_WHAT IS REQUIRED:_
Word-for-word transcription: reproduce all of the data, but not the pictures.

┌─ PROVIDED MATERIAL

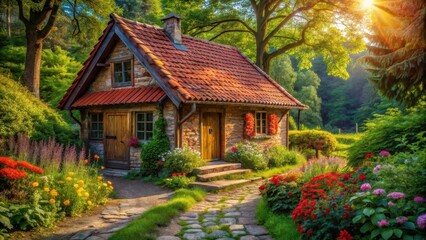 Stone Cottage Garden in Sunlight's Embrace A Picturesque Pathway Leads to a Charming Stone House Nestled Amongst Vibrant Flowers and Lush Greenery, Bathed in the Warm Glow of the Setting Sun.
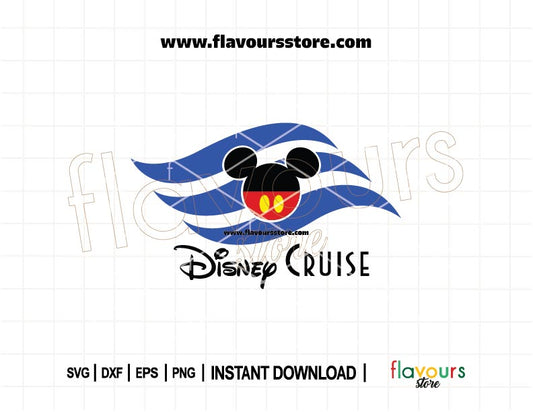 Disney cruise flag SVG file with Mickey ears, ideal for Cricut and Silhouette crafts like door magnets, shirts, and travel decor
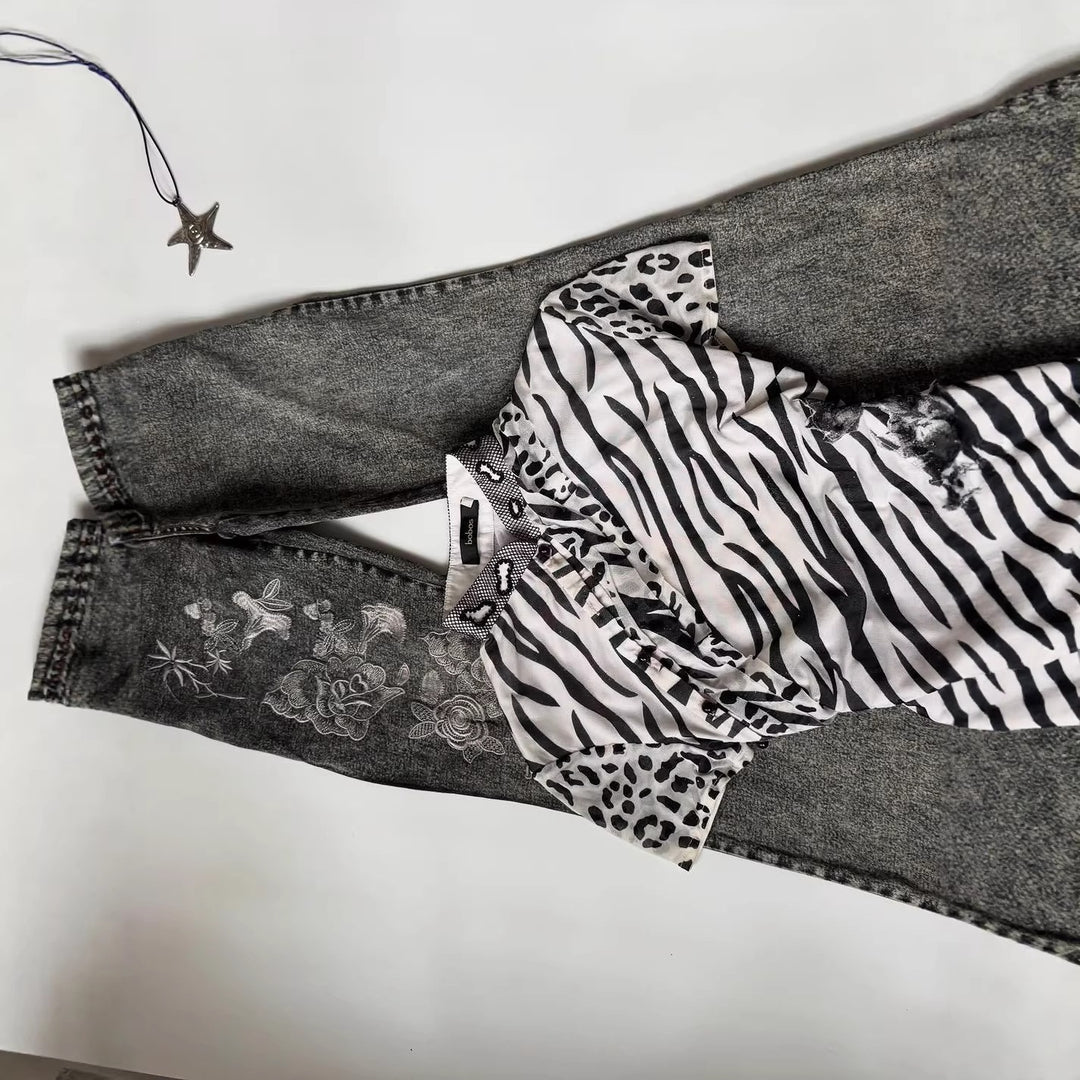 Damen Modisches T-Shirt mit tierischem Muster und dekorativem Kragen R&B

└─

_RESULT FOR THIS EXERCISE:_
 Stone Cottage Garden in Sunlight's Embrace A Picturesque Pathway Leads to a Charming Stone House Nestled Amongst Vibrant Flowers and Lush Greenery, Bathed in the Warm Glow of the Setting Sun.
 Disney cruise flag SVG file with Mickey ears, ideal for Cricut and Silhouette crafts like door magnets, shirts, and travel decor
 Damen Modisches T-Shirt mit tierischem Muster und dekorativem Kragen R&B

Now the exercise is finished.